Data supplied START
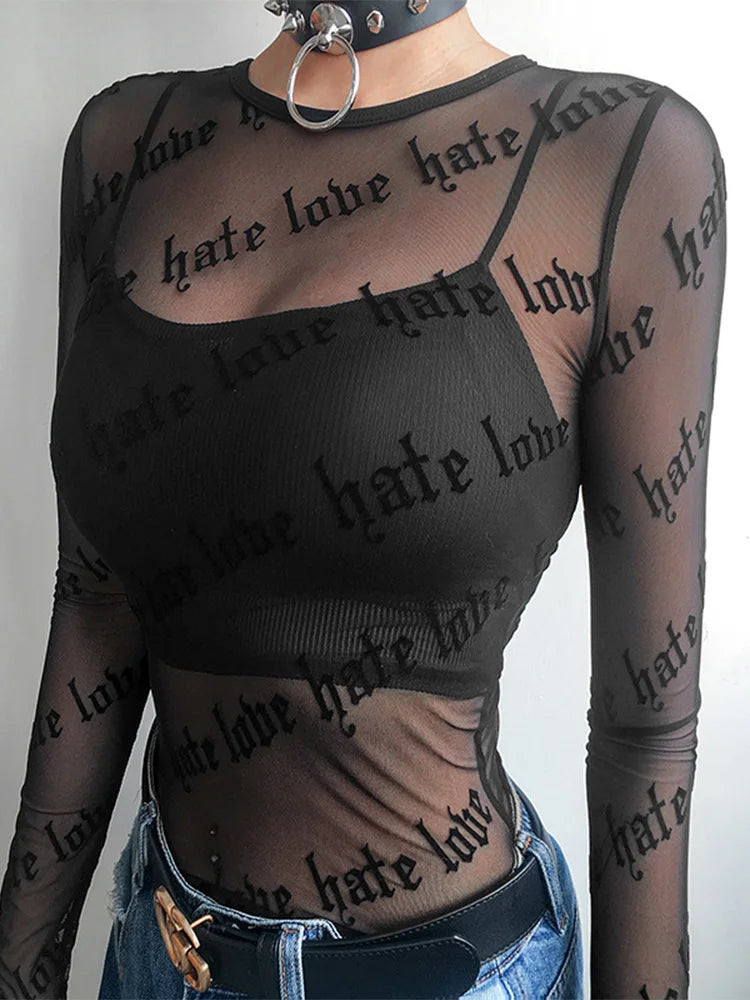 Transparentny top z motywem "hate love"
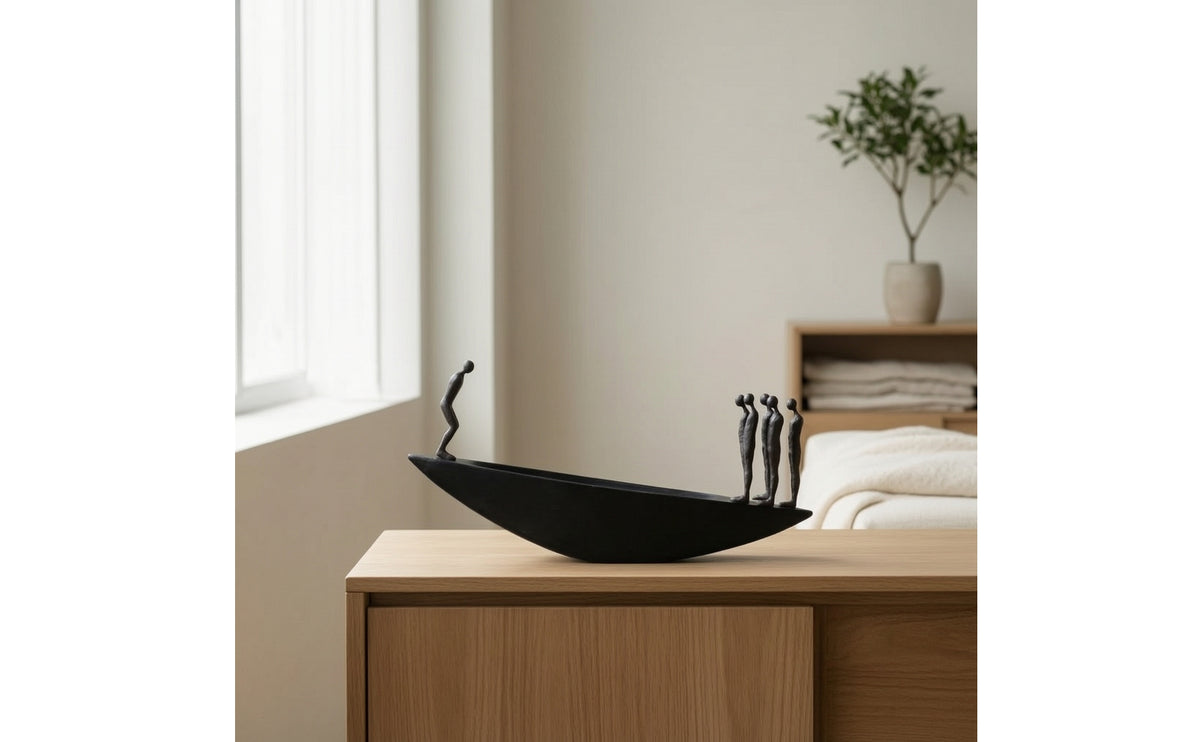 Boat Sculpture with Figures Matte Black Abstract Sculpture Minimalist Decorative Statue for Art Collectors, Interior Designers, Living Room, Entryway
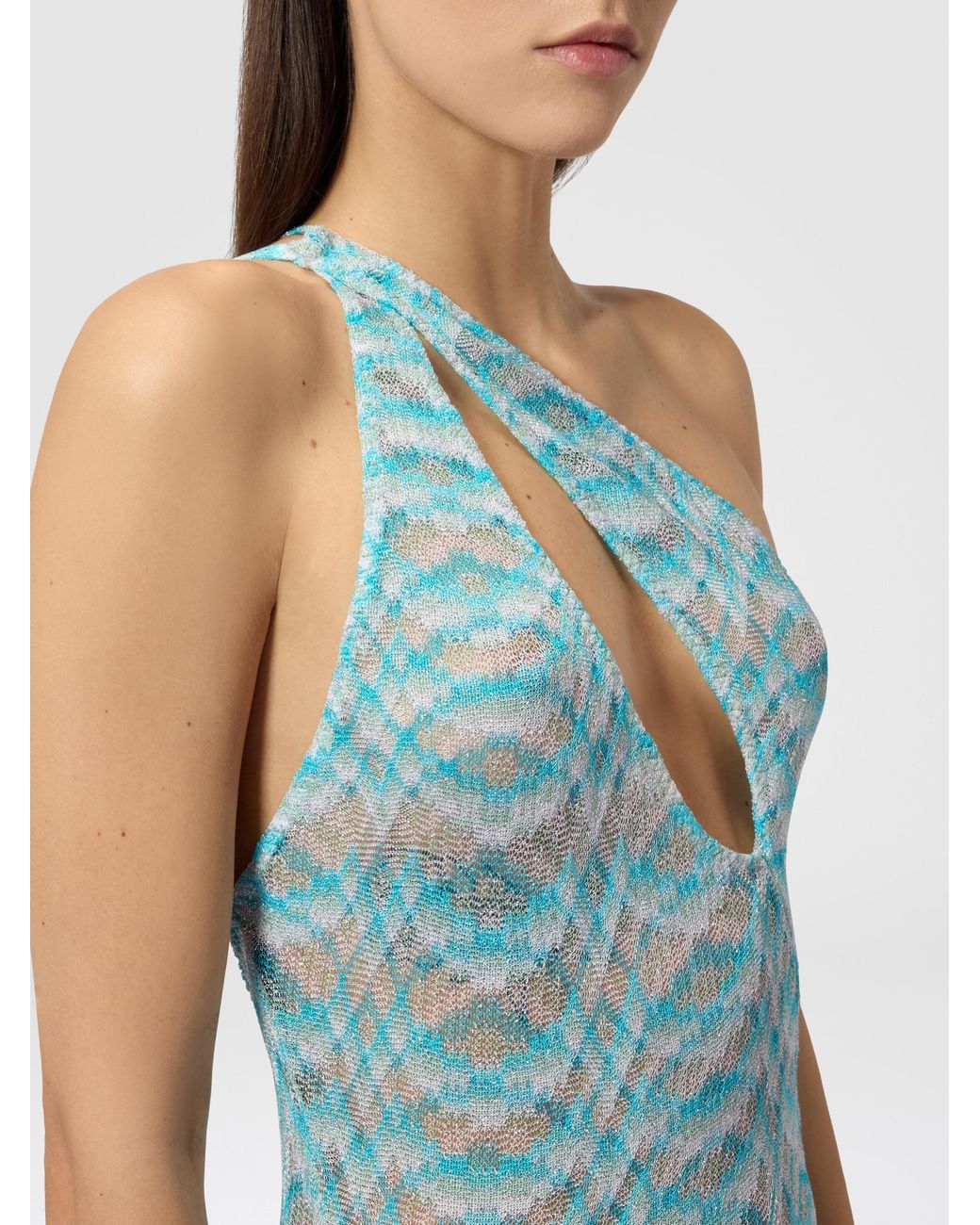 Missoni Blue Asymmetric Cover-Up Dress
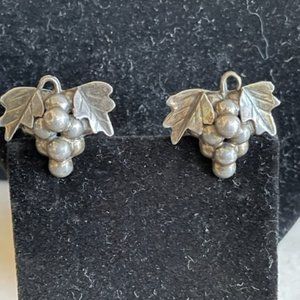 Earrings and Brooch Grape Bunch Marked A Dominguez Sterling 925 Taxco Eagle 3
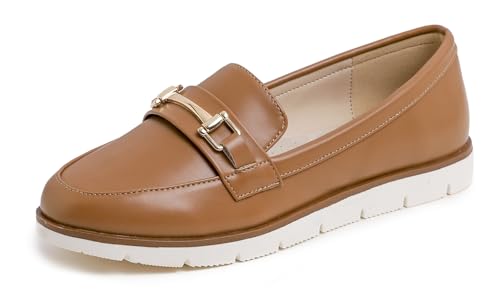 Image of FEVERSOLE Women's Comfort Penny Loafer Geniune Leather Insole Flexible Walking Driving Shoes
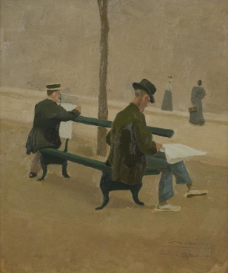 Charles Lacoste - Reading Men on a Bench and Women Passing By, 1893大师画家风景画静物油画建筑油画装饰画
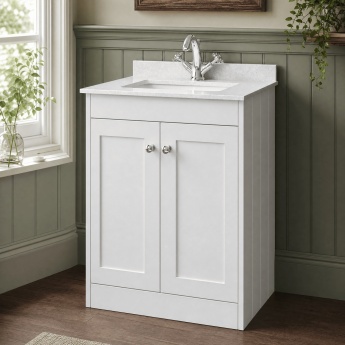 Old London Ashwick 600mm 2-Door Floor Standing Vanity Unit with Marble Top Basin | Product Image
Data supplied END
Print the listing again exactly, please. Keep the pictures out of it.

Result of the task:
 Transparentny top z motywem "hate love"
 Boat Sculpture with Figures Matte Black Abstract Sculpture Minimalist Decorative Statue for Art Collectors, Interior Designers, Living Room, Entryway
 Missoni Blue Asymmetric Cover-Up Dress
 Earrings and Brooch Grape Bunch Marked A Dominguez Sterling 925 Taxco Eagle 3
 Image of FEVERSOLE Women's Comfort Penny Loafer Geniune Leather Insole Flexible Walking Driving Shoes
 Charles Lacoste - Reading Men on a Bench and Women Passing By, 1893大师画家风景画静物油画建筑油画装饰画
 Old London Ashwick 600mm 2-Door Floor Standing Vanity Unit with Marble Top Basin | Product Image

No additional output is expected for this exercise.